- Stored items

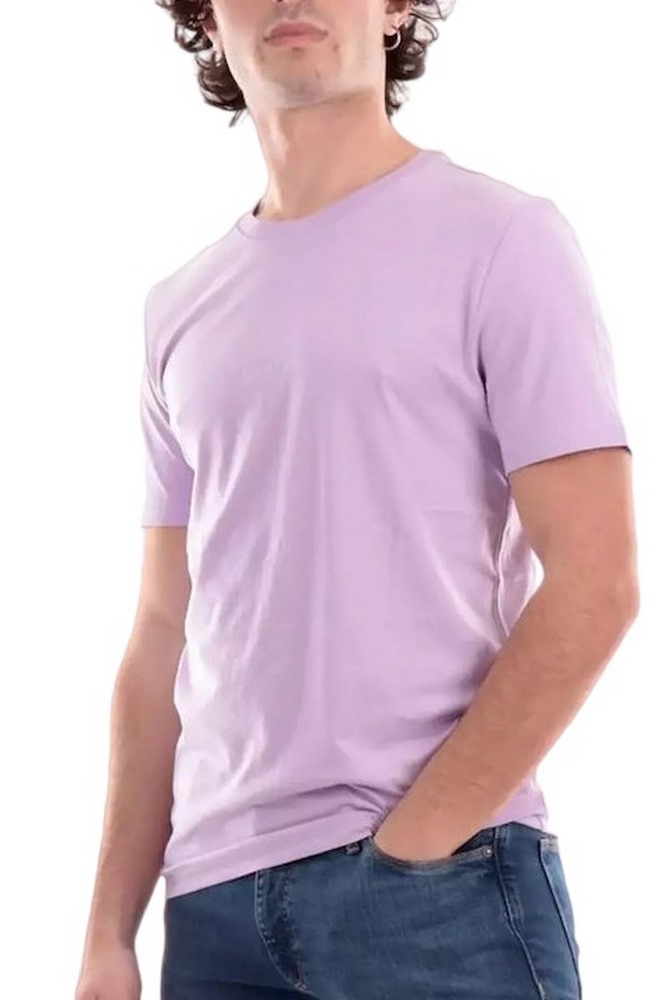 GUESS AIDY CN SS TEE T-SHIRT ΑΝΔΡΙΚΟ LILA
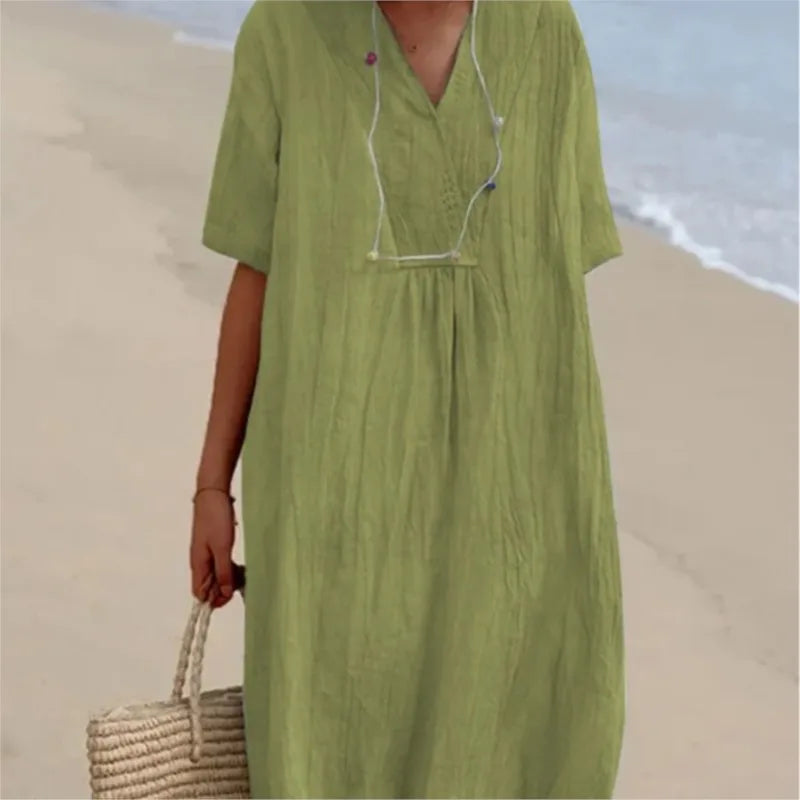 Silvana™ | Relaxed Textured Maxi Dress-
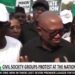 Peter Obi leads protesters to National Assembly over real-time transmission of election results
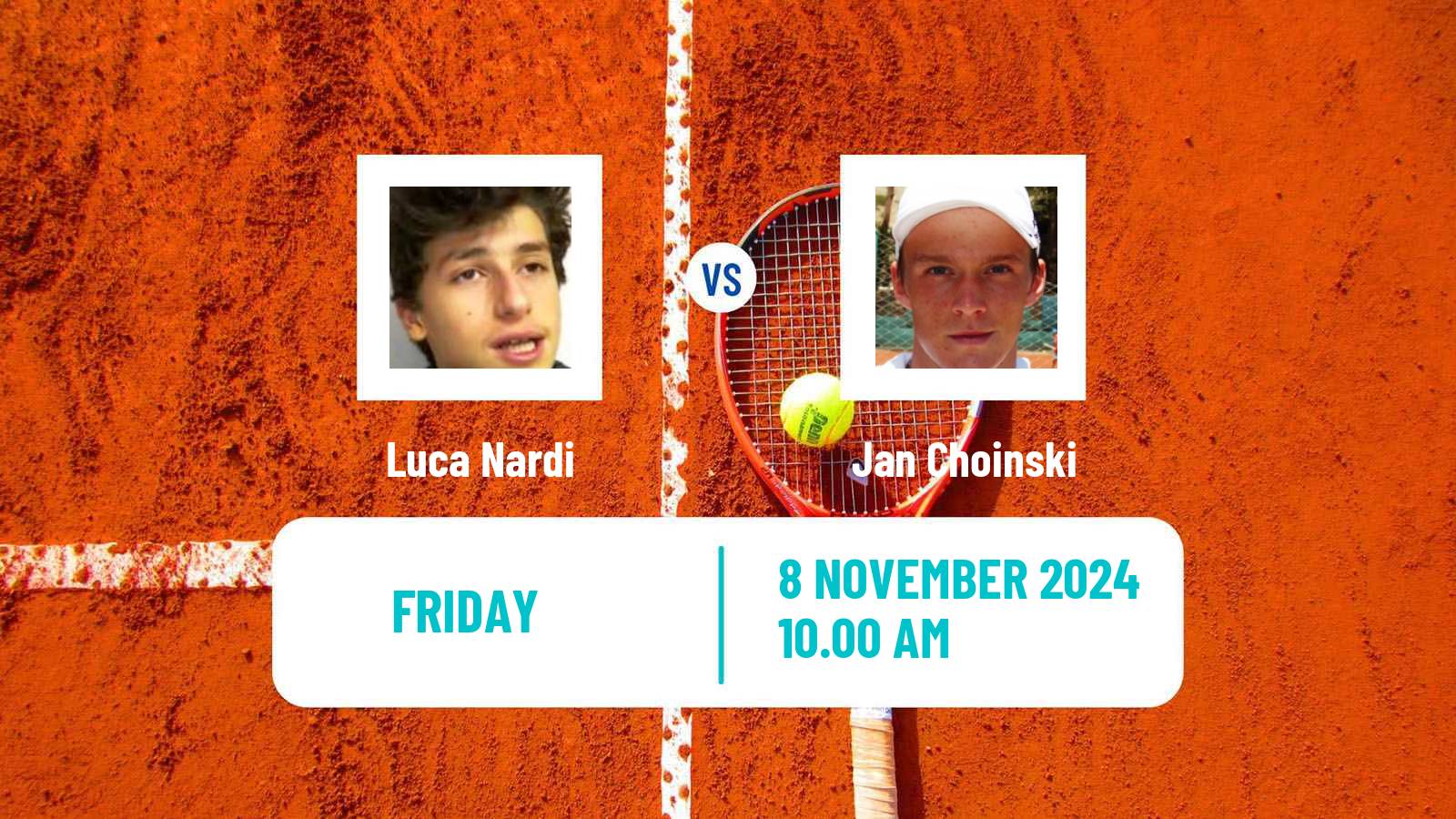 Tennis Helsinki Challenger Men Luca Nardi - Jan Choinski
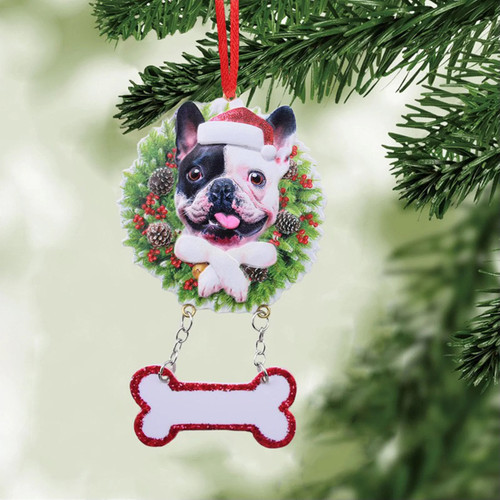 Frenchie Cute Christmas Decorations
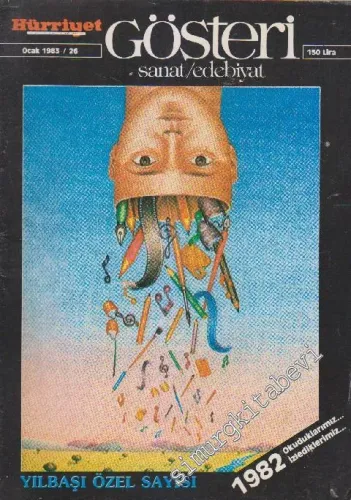 Hürriyet Gösteri Sanat Edebiyat Dergisi - Dosya: Yılbaşı Özel Sayısı - Sayı: 26    3  Ocak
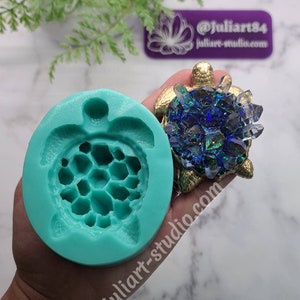 3.25 inch Crystal Turtle Ring Dish Silicone Mold for Resin casting
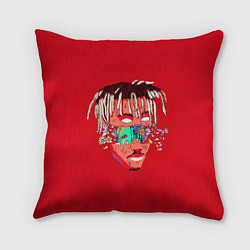 Подушка квадратная Juice WRLD, цвет: 3D-принт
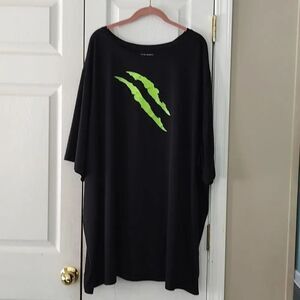 KS Sport black lime green polyester shirt  Sz 5XL Tall NWOT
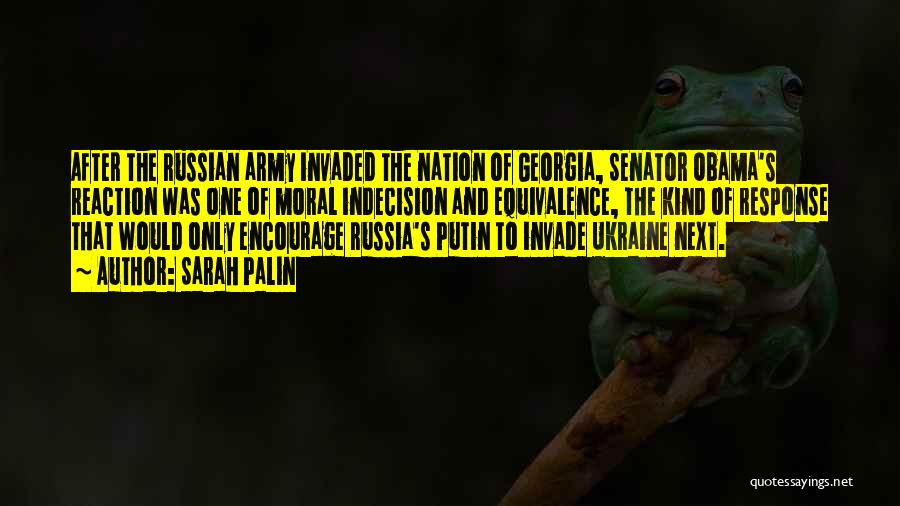 Obama Russia Quotes By Sarah Palin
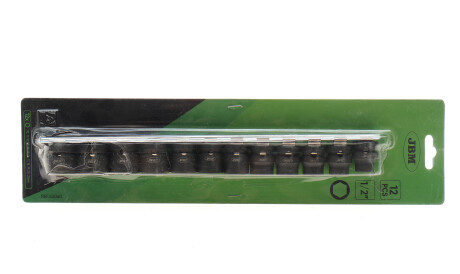 Набір головок ударних 6-гранних 1/2" (12шт) - JBM 53060
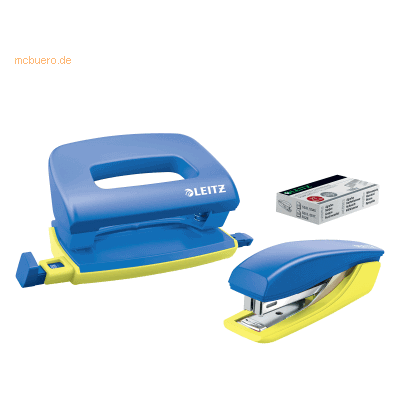 Leitz Schreibtisch-Set 3-teilig Locher und Heftgerät Urban Chic + Heft Leitz Schreibtisch-Set 3-teilig Locher und Heftgerät Urban Chic + Heft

- WORK INSTRUCTIONS
Only the lines from the first line of the entries through the line containing "Hürriyet Gösteri Sanat" should be output, exactly as they are, without pictures.

- WRITTEN REPLY
 GUESS AIDY CN SS TEE T-SHIRT ΑΝΔΡΙΚΟ LILA
 Silvana™ | Relaxed Textured Maxi Dress-
 Peter Obi leads protesters to National Assembly over real-time transmission of election results
 Tennis Helsinki Challenger Men Luca Nardi - Jan Choinski
 Frenchie Cute Christmas Decorations
 Hürriyet Gösteri Sanat Edebiyat Dergisi - Dosya: Yılbaşı Özel Sayısı - Sayı: 26    3  Ocak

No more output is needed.